You don't really want to ask those Q directly, just yet eh.

J9 said...

That switch plate makes me think someone in the religious artifacts manufacturing business is either so clueless it isn't funny, or is so in on the irony of it that it is hysterically funny and sad at the same time.

Erin O'Brien said...

Bill: Take me to your leader?

Vince: response deleted by the Administration's better judgement

J9: I'm thinking clueless and hysterically funny.

ahclem said...

Re: Godot: Must go here. (And I actually have one of those switch plates.)

alphadog said...

I liked the Super 8 just fine. It's actually a step up from the Days Inn.

Erin O'Brien said...

ahclem: Sure wish I could have read that version in high school.

alph: all I can tell you is that the film version was a bunch of steps down from probably every other movie playing in the multiplex

Leslie Morgan said...

Hey, Alph, 'zat down there by the No Tell Motel?

Leslie Morgan said...

Dear Lord, I swear it's true, and will be TMI for most people. Why does one of my legs grow 250% of the stubble of the other leg? On the kneecaps, even, while the other does not?

Erin O'Brien said...

L--I'll trade your stubble for my perspiration. Or we can go halvesies. Dutch treat? Dunno. Figure it out and will cut a deal.

Why isn't anyone talking about the Dream Whip?

Harry Finch said...

God is not pleased with Dream Whip. He told me the other day that it was a mistake. He is so displeased with it that if you go to Wikipedia you will find there is no separate entry for it.

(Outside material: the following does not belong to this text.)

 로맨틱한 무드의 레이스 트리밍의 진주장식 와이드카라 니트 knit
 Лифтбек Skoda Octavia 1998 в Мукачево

That's the kind of power God has; that is how He manifests His anger.

Anonymous said...

Erin-sorry, can't type, covered in Dreamwhip...
Sincerely,
Several of us

wv: 'retra'-Mr Mechlenborg, retra-active to April 22, yer lahcince is suhspendid...

Erin O'Brien said...

HF and anon: Yes, I have a packet of DW in my pantry right now. I am at once proud and ashamed of this fact.

Yes, I already knew that wiki did not have a DW entry. Harry, before you posted this, how many others were there on this square? The "wiki has no dream whip entry" square?

Dunno.

I intend to tweet about this immediately.

Harry Finch said...

I just went to Wikipedia and typed in Dream Whip, which directed me Cool Whip. Because God told me to do it that way.

Erin O'Brien said...

None of this bodes well.

Is my beloved Dream Whip in danger of BEING DISCONTINUED?

Leslie Morgan said...

I was too ashamed to comment about the Dream Whip. It seemed so unseemly. I am one of the Wiki annointed, but even I cannot wordsmith about Dream Whip, O'Brien.

Meet ya halfway re: the perspiration and the stubble! Bob likes me ANYWAY.

Harry Finch said...

Getting terribly stirred up about Dream Whip.